After dinner at the hostel, where I learn the actual meaning of "hostel" from a particularly aggravating cafeteria lady who won't let me eat macaroni, we decide to walk around and look for dessert. We discover it at the Rainbow Cafe, a vegetarian and vegan wonderland. Then high on sweets, the boys and Lizzie meet up with us and we walk to a pub through a really terrifying alleyway where someone is sleeping (or god forbid, dead, as they are covered up with a blanket and not breathing visibly.) There were a lot of houseless people in Cambridge, which really contrasted with the wealth of the colleges. I saw a man by an ATM beg this couple withdrawing money to buy alcohol from him. It made me wonder about London, and why there are not as many people on the streets at night here and what the opinion of houselessness generally is in England. At the pub, we listen to a jazz band, then spend all our pocket change on an arcade game version of 1 VS. 100.

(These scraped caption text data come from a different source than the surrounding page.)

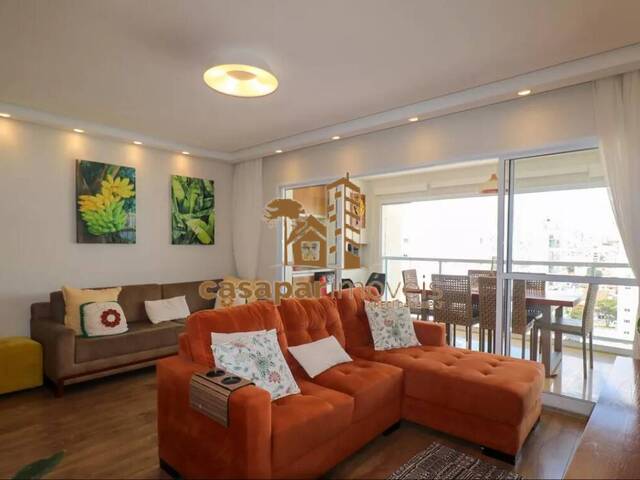 #6589 - Apartamento para Venda em São Caetano do Sul - SP - 3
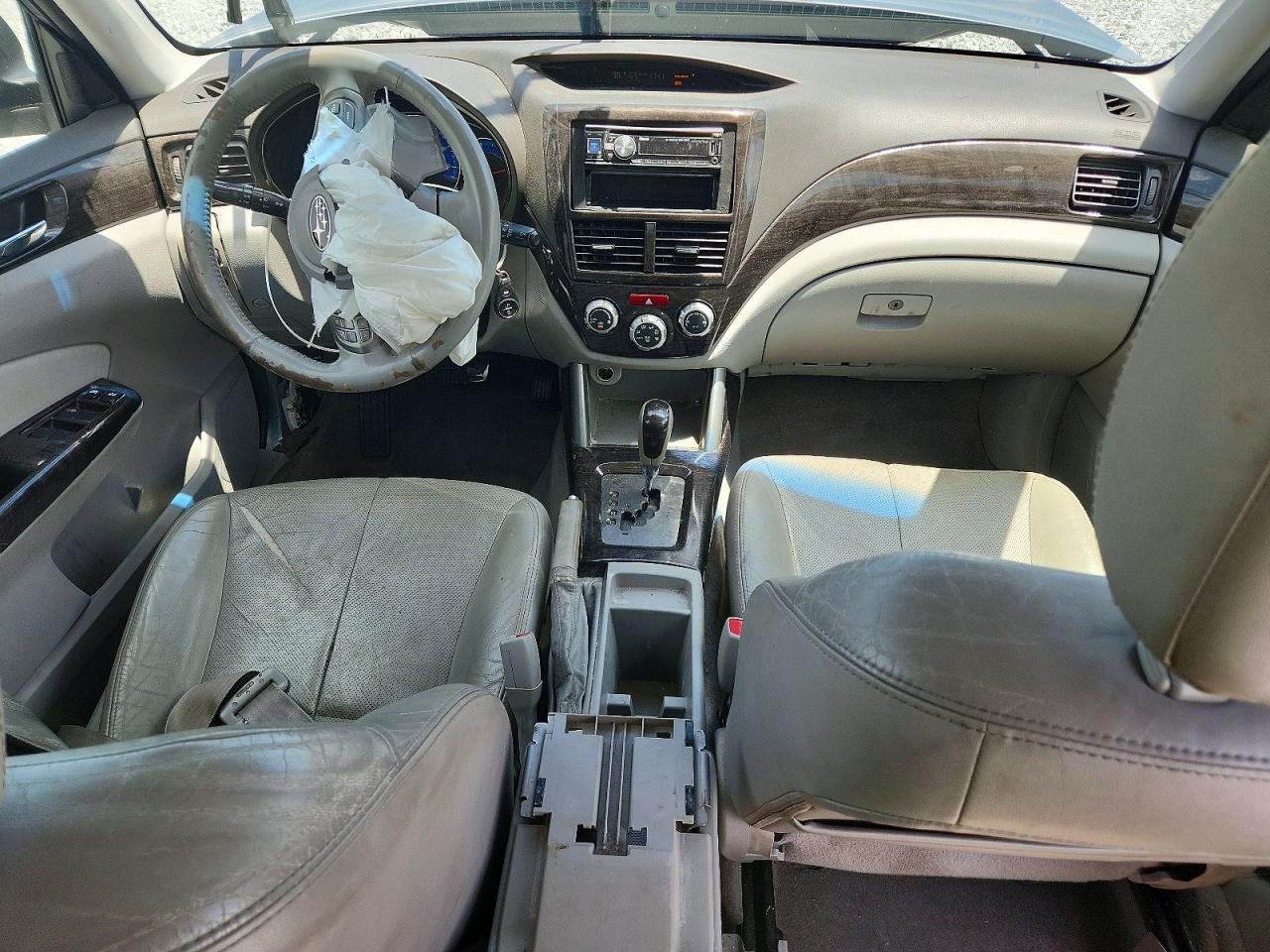 Subaru Forester 2.5x Limited
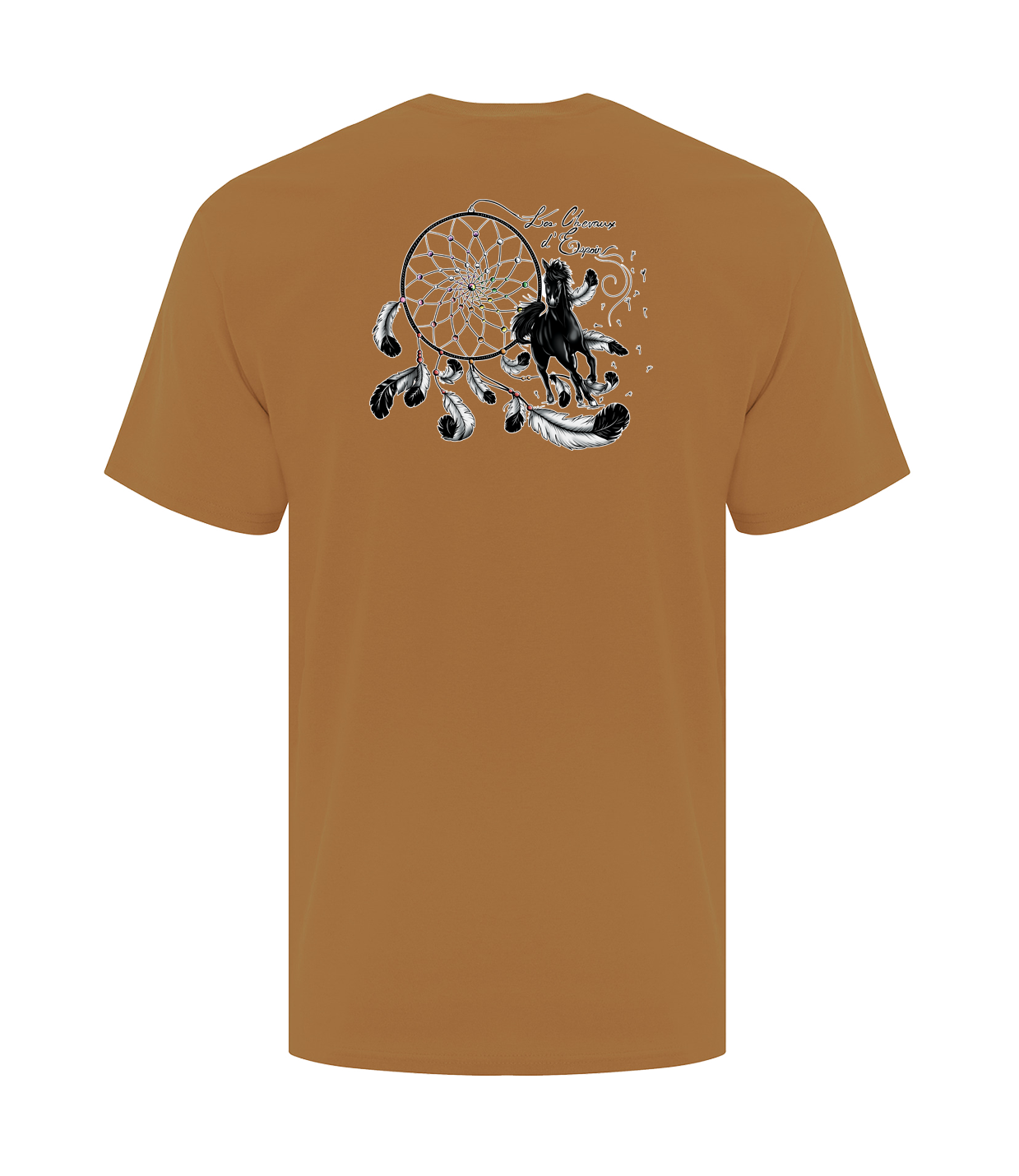 REFUGES PRINTED ''ORIGINAL'' - T-SHIRTS
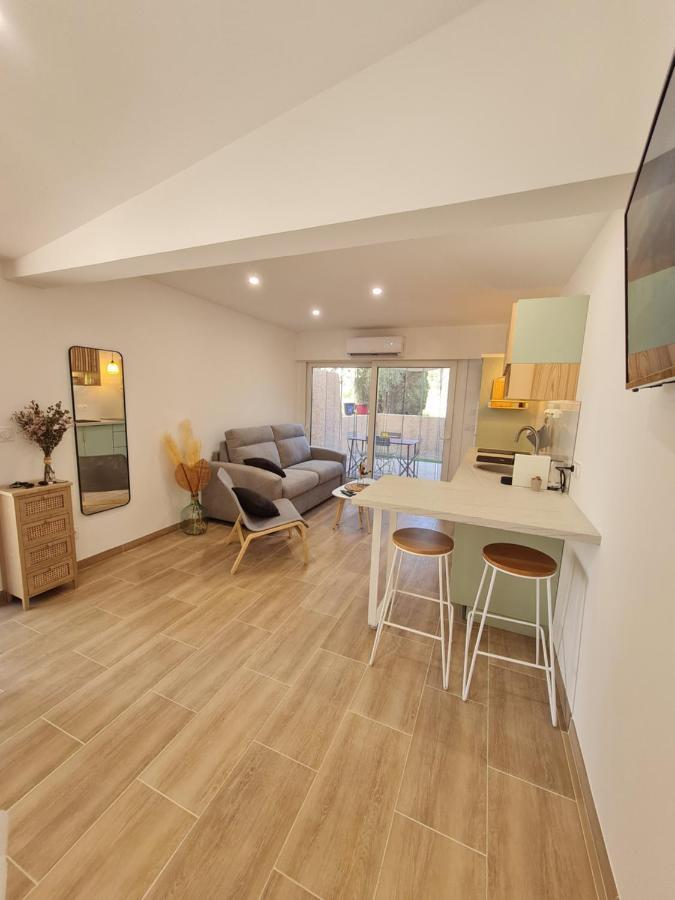 Appartement L'oasis de port Fitou Extérieur photo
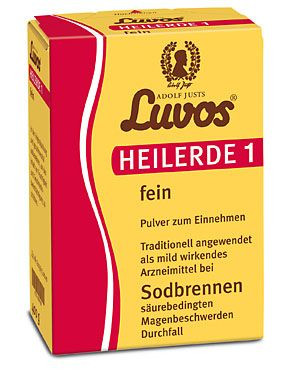 Luvos Heilerde 1 Innerlich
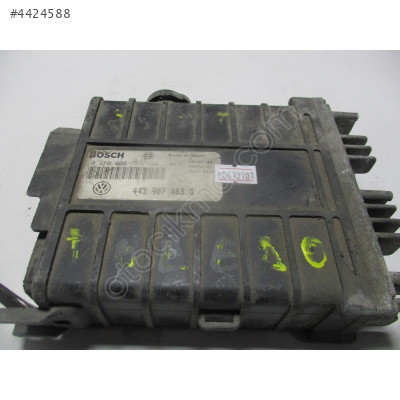 Volkswagen Passat 1.8 Motor Beyni 0280000739 443907403G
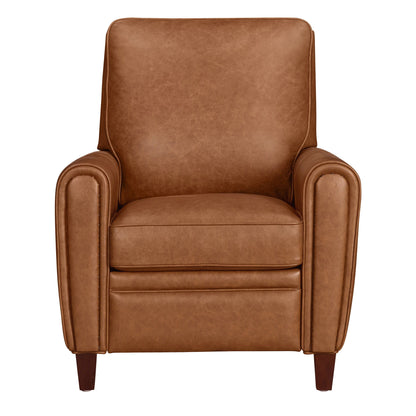 Clifton - Pushback Recliner - Renaissance Cinnamon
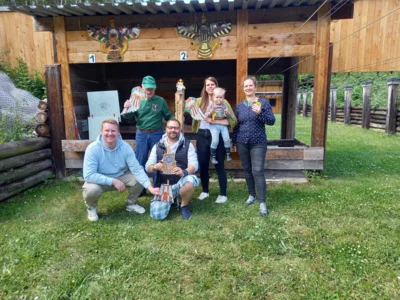 Foto des Albums: Juni 2025 Saale Männertag Kreismeisterschaft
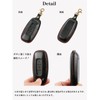 Usable New Nissan Key Case, Premium Genuine Leather, X-Trail, T33,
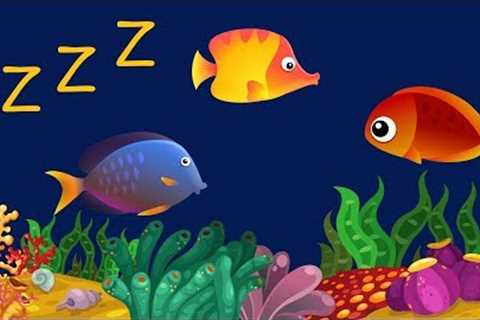 Bedtime Lullabies and Calming Undersea Animation: Baby Lullaby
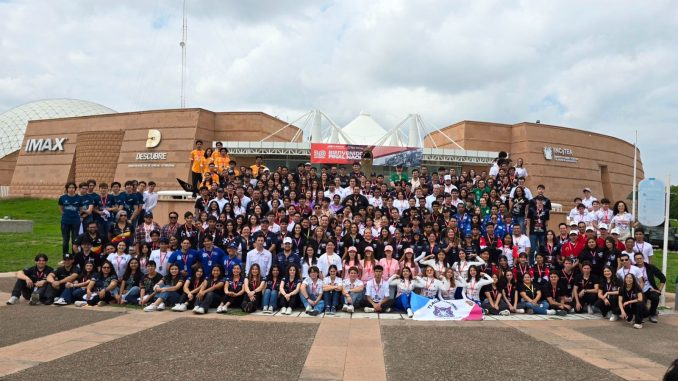 Estudiantes de Aguascalientes representarán a México en Final Internacional de F1 in Schools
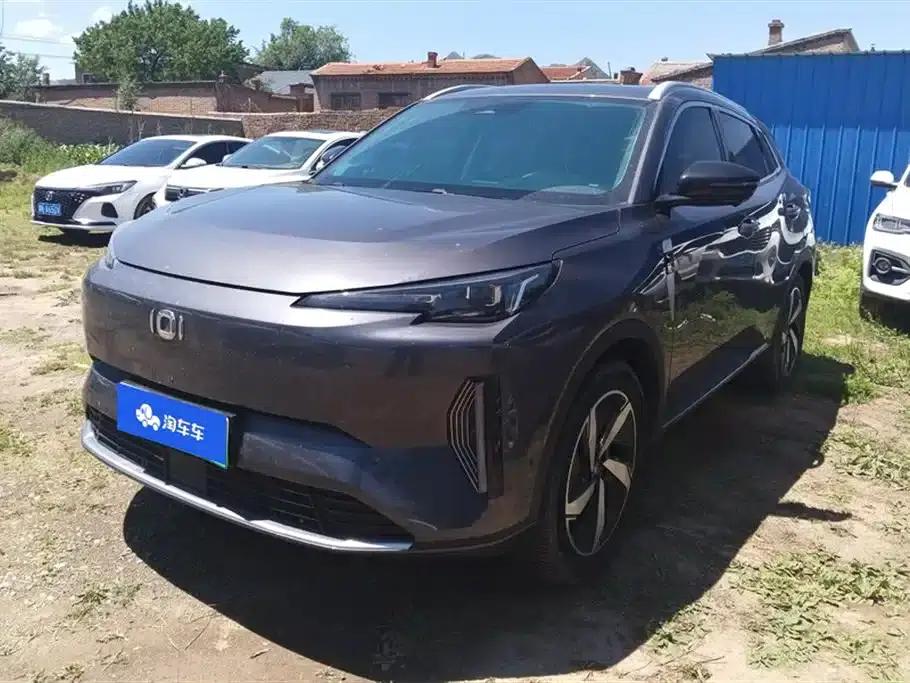 Changan Qiyuan Q05 Classic 2024 Model, Truly Delicious Edition, 125 Excellent Type, CATL — миниатюра 1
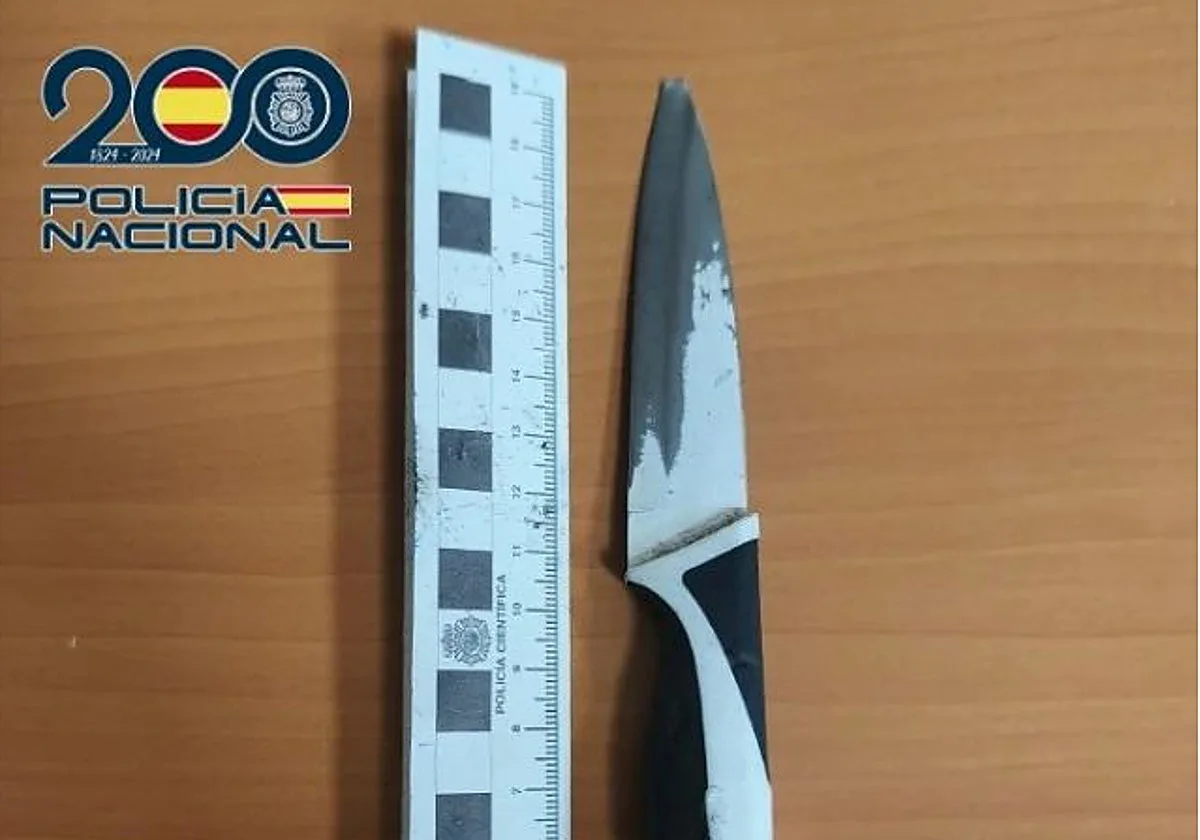 A prisión tras intentar asaltar a un peatón en pleno centro de Orense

Saturday, April 17. Jenny, Mollie and I casually browse the vendors at an open-air arts and crafts fair. There is a woman who handknits animal toys, a guy who had some really cool junk art pieces and tons of jewelry, porcelain, hats, clothes and leatherware to go round. I buy a secret gift for a secret friend named Mabs (I love you!) and a pink handknit headband. For the rest of the morning, George leads us around on a tour of the University of Cambridge's colleges, where more knowledge is obtained and more collegiate men are spotted. I think these pictures are a mixture of Trinity and King's Colleges' grounds and church.




For lunch, we pick out some excellent fudge at a fudge shop and walk to an open-air food market - so much fun! I don't actually partake of the street food - instead I go to a place called "EAT," where the cashiers insisted that I take their picture -

But the vendors have everything from organic olives to locally produced cheeses that I've never heard of. Everyone decides to punt for the afternoon (riding down the Cambridge river on a gondala-style boat ride), but I think trying on everything in Top Shop and avoiding situations where I might drown, is a better use of my time. For dinner, we return to the illustrious Rainbow Cafe - amazing - then stop by this pub called The Eagle with the usual gang. We see a sign there that says someone famous announced the discovery of something even more famous here; Dan was pretty excited, I think it was science-related.

Sunday, April 18. Bury St. Edmunds abbey ruins!













Before long, we head down to Ickworth House, another property of the beautiful and dirty, dirty rich English countryside. We talk to a few old ladies who are waiting for the horse and carriage to pick them up. One says they come to the grounds all the time, and repeats the word "derelict" rather often, while the other sort of comically ignores us.






Congratulations for reading to (or, more likely, skipping through) to the end. Part deux tomorrow. Mwa!